Referendum in Italien

Es geht um alles, aber nicht um die Reform

Ein Demonstrant hält einen Schriftzug "NO" hoch.
Demonstranten fordern, am kommenden Sonntag in der Volksbefragung gegen die Verfassungsänderungen zu stimmen. © Massimo Percossi, picture alliance / dpa
Von Jan-Christoph Kitzler, ARD-Studio Rom. · 29.11.2016
Regierbarer und schneller reformierbar soll Italien werden, so will es Matteo Renzi. Deshalb will der Ministerpräsident gleich 46 der 139 Artikel der italienischen Verfassung per Referendum ändern lassen. Doch die Abstimmung gerät zum Wahlkampfthema.
Es ist vertrackt mit dieser Verfassungsreform. Dabei geht es eigentlich nur um die Frage SI oder NO. Doch weil man der Regierung von Matteo Renzi nicht vorwerfen kann, zu wenig Ambitionen zu haben, ist es dann doch eine große Sache: Gleich 46 der 139 Artikel der italienischen Verfassung sollen umgeschrieben werden. Das Land soll regierbarer werden und schneller reformierbar.
Schon seit Jahrzehnten hat man in Italien über die Reform der Verfassung diskutiert – die Regierung versucht nun den großen Wurf, allen voran Maria Elena Boschi, die für Reformen zuständige Ministerin:
"Italien braucht diese Reform, damit es in Zukunft einfacher und effizienter im Sinne der Bürger funktioniert. Auch auf europäischer Ebene wird die Reform uns glaubwürdiger machen und unseren Einfluss stärken. Effizientere Institutionen werden sicher zu stabileren Regierungen fühlen."

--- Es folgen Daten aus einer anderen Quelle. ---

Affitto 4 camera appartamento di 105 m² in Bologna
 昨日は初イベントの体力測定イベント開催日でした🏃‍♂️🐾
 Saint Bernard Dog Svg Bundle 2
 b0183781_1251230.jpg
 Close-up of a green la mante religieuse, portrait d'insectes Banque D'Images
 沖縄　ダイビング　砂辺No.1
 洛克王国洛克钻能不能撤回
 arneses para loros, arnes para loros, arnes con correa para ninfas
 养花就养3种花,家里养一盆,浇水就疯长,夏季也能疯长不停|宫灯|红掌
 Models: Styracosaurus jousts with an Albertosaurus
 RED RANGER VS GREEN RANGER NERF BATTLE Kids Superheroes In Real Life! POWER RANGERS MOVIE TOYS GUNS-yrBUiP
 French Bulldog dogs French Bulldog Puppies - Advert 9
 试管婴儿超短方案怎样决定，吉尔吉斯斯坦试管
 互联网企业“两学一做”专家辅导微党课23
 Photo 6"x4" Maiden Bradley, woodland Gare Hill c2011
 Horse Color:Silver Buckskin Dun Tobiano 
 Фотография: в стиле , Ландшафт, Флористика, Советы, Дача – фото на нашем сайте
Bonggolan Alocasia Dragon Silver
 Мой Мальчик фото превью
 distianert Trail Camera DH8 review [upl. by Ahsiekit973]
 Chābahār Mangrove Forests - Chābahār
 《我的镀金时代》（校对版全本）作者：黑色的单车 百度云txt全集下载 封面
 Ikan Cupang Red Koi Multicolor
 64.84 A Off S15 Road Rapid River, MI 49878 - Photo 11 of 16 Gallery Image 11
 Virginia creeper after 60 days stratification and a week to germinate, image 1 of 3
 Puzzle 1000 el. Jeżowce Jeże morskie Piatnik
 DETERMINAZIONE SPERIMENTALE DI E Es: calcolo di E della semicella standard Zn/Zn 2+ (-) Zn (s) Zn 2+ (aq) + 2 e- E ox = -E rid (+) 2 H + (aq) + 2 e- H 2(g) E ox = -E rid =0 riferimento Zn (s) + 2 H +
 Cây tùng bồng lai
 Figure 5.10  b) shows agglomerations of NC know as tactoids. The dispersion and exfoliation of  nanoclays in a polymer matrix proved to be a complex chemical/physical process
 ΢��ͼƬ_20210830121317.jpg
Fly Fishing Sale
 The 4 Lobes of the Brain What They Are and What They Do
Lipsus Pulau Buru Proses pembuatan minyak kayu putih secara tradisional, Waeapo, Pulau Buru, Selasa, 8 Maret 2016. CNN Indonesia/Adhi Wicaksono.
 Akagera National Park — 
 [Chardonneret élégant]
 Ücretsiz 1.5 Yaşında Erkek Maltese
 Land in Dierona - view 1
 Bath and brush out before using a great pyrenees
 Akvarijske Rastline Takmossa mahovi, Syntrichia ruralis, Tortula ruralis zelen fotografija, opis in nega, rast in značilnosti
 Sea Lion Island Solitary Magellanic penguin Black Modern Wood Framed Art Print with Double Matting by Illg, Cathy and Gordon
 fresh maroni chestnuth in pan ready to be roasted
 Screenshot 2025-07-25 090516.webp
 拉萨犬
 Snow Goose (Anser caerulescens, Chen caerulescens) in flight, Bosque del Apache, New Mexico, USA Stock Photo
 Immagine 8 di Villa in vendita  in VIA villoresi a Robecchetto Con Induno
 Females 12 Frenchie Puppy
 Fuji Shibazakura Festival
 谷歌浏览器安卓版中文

Es geht um alles, aber nicht um Inhalte

Die Regierung braucht die Zustimmung des Volkes, weil die Mehrheit im Parlament nicht reicht. Das Problem in diesem Kampf um die Wählerstimmen ist nur: Es geht um alles, nur nicht um die Inhalte der Reform.
Die Fraktion derer, die NO sagen, reicht von ganz rechts bis ganz links. Alle eint das Ziel, die Regierung von Matteo Renzi nach Hause zu schicken. Allen voran Beppe Grillo, der als Chef der Fünf-Sterne-Bewegung der Anführer der Opposition ist, ohne im Parlament zu sitzen. Grillo haut jetzt landauf landab auf die Pauke, versucht Ängste zu schüren und Hass:
"Diese Leute sind Serienkiller. Mit dieser Verpackung, die sie mit Scheiße - SCHEISSE - gefüllt haben, stehlen und enteignen die die Zukunft eurer Kinder! Ich bitte Euch! Ja oder Nein ist nicht das Problem. Ihr wollt nicht wählen gehen? Ihr seid Egoisten, wenn ihr nicht geht. Ihr solltet jedoch wissen, dass wir es mit Serienkillern der Leben unserer Kinder in 20 Jahren zu tun haben."
Aber auch unter den Gemäßigteren gibt es viele No-Sager. Silvio Berlusconi tritt jetzt wieder in Talkshows auf und versucht, mobil zu machen. Dabei hat seine Forza Italia im Parlament für die Verfassungsreform gestimmt.
Der italienische Ministerpräsident Matteo Renzi.
Der italienische Ministerpräsident Matteo Renzi.© dpa/picture alliance

"Renzi spaltet das Land"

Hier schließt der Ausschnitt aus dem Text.